Locale Immutability¶
The locale is set once during CentralUnit initialization and never changes afterwards. To enforce this invariant, i18n.set_locale() raises RuntimeError on any subsequent call. This guarantees that translations resolved at init time remain correct for the entire process lifetime.
A _reset_locale_for_testing() internal function allows tests to bypass the lock.
Integration Points¶
- Device/Channel/DataPoint translation properties: Consumers (e.g., Home Assistant integration, configuration UIs) access
device.model_description,channel.type_translation, ordata_point.translationfor human-readable names without calling translation functions directly. - aiohomematic-config: The
LabelResolverusesget_parameter_translation()andget_parameter_value_translation()to generate form labels for the configuration UI. - ConfigurationCoordinator:
ConfigurableChannelcan be enriched with labels viaget_channel_type_translation(). - Diagnostic logging: Device and channel descriptions can use translated names for more readable log output.
Risks and Mitigations¶
| Risk | Likelihood | Impact | Mitigation |
|---|---|---|---|
| OCCU format changes | Low | Medium | Regex-based parser is tolerant; CI can detect regressions |
| Missing translations | Medium | Low | 248 unresolved refs from newer devices; fallback to raw IDs |
| Stale checked-in files | Medium | Low | Re-run script periodically; CI can diff against OCCU |
| Encoding surprises | Low | Low | UTF-8 -> ISO-8859-1 fallback covers known variants |
| Large file size in repo | Low | Low | ~500KB total for 8 files; static data, low churn |
Deferred Work¶
Automatic Regeneration in CI¶
A CI step could compare the checked-in JSON files against the current OCCU submodule and fail if they diverge. This would ensure translations stay up-to-date without manual intervention. Deferred because the initial use case is manual regeneration when adding support for new device types.
Additional Languages¶
The OCCU repository currently provides de and en translations. Additional languages (if available in future OCCU releases) can be added by extending the _LOCALES tuple in both the script and loader.

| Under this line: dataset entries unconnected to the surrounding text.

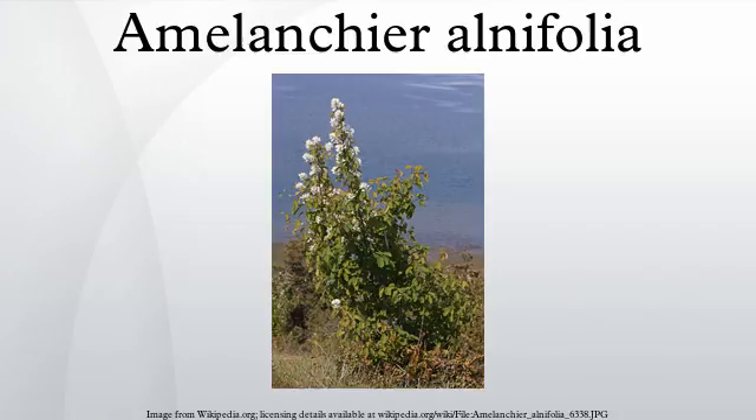Historically, it was also called pigeon berry. It grows from sea level in the north of the range, up to 2,600 m elevation in California and 3,400 m in the Rocky Mountains, and is a common shrub in the forest understory.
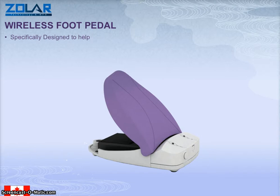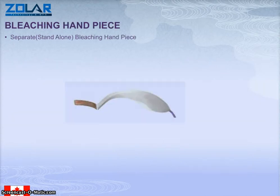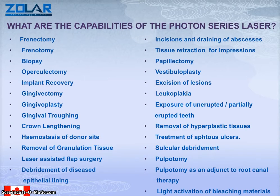The laser comes with a wireless foot pedal. It's designed to help you be very easily mobile. It's got its own safety goggles of course, and you can also order premium glasses for it. The 10 watt laser has a bleaching handpiece — a separate standalone bleaching handpiece. It comes with its own carry case, which makes it very portable.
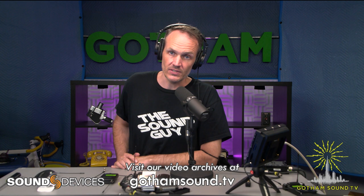Thank you for watching. As always, if you have any questions, you can email us at info@gothamsound.com. Follow us on Facebook and Twitter. And if you want to watch this video or others, go to GothamSound.TV.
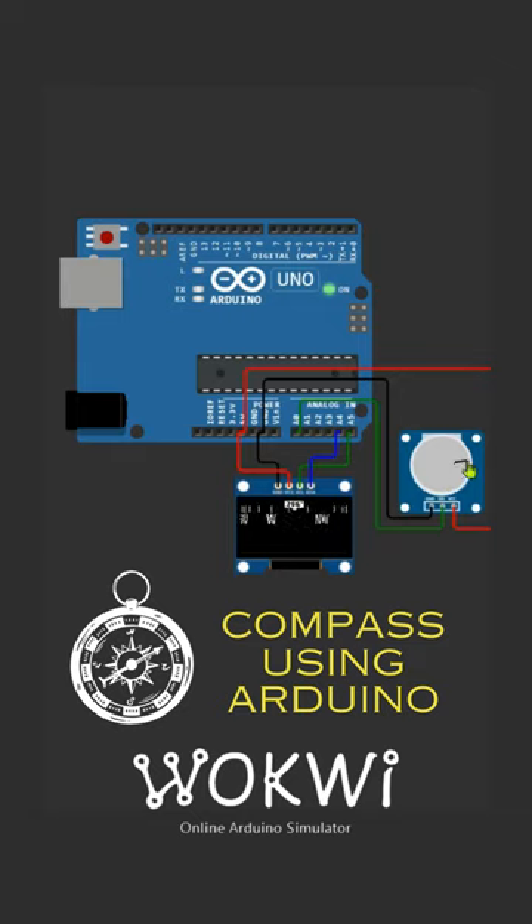Today I will show you how to create this 3D looking compass using the Arduino and the OLED display. As you can see, I'm also using this simple potentiometer to set the heading, the angle of the compass. Obviously for a real project, I would use some real sensor, but today it's all about the graphics.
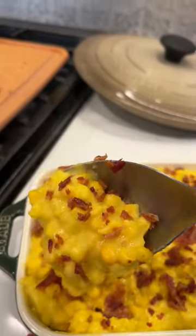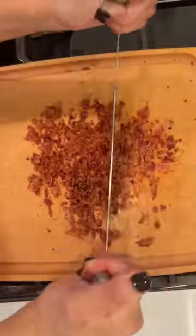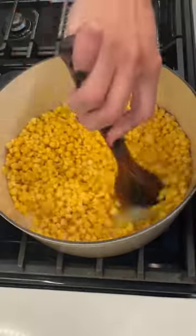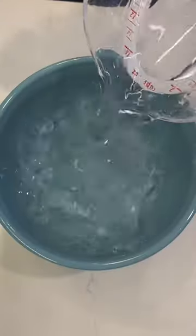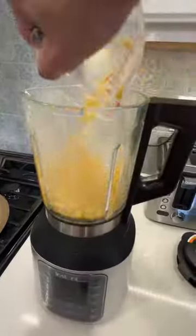Let's make a super easy cream corn with bacon. Go ahead and cook your bacon, chop it up, and set it aside. In a dutch oven, cook your corn with one and a half cups of water, bring to a boil, and cook for 15 minutes. In a bowl, add water and flour, mix well, and set aside.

Unresolved Template References¶
Approximately 248 template references remain unresolved because they point to translation keys defined in JS files outside the six core files parsed by the script (e.g., translate.lang.extension.js, translate.lang.js). These are predominantly for advanced features (rules, programs, system settings) that are not relevant for device configuration. Coverage can be extended by adding more source files if needed.
Alternatives Considered¶
1. Runtime HTTP Fetch from CCU¶
Query the CCU's JS files at runtime during central initialization. Rejected because:
- Adds startup latency (12+ HTTP requests per locale)
- Requires network access and error handling
- Translations rarely change (only with firmware updates)
- Does not work when CCU is offline during development
2. Hardcoded Translation Tables¶
Maintain translation tables manually in Python source. Rejected because:
- 2500+ entries across all categories - impractical to maintain
- Diverges from upstream translations over time
- No automated way to detect new devices or parameters
3. Ship Complete JS Files as Package Data¶
Include the original OCCU JS files and parse them at runtime. Rejected because:
- Licensing concerns (OCCU files are not MIT-licensed)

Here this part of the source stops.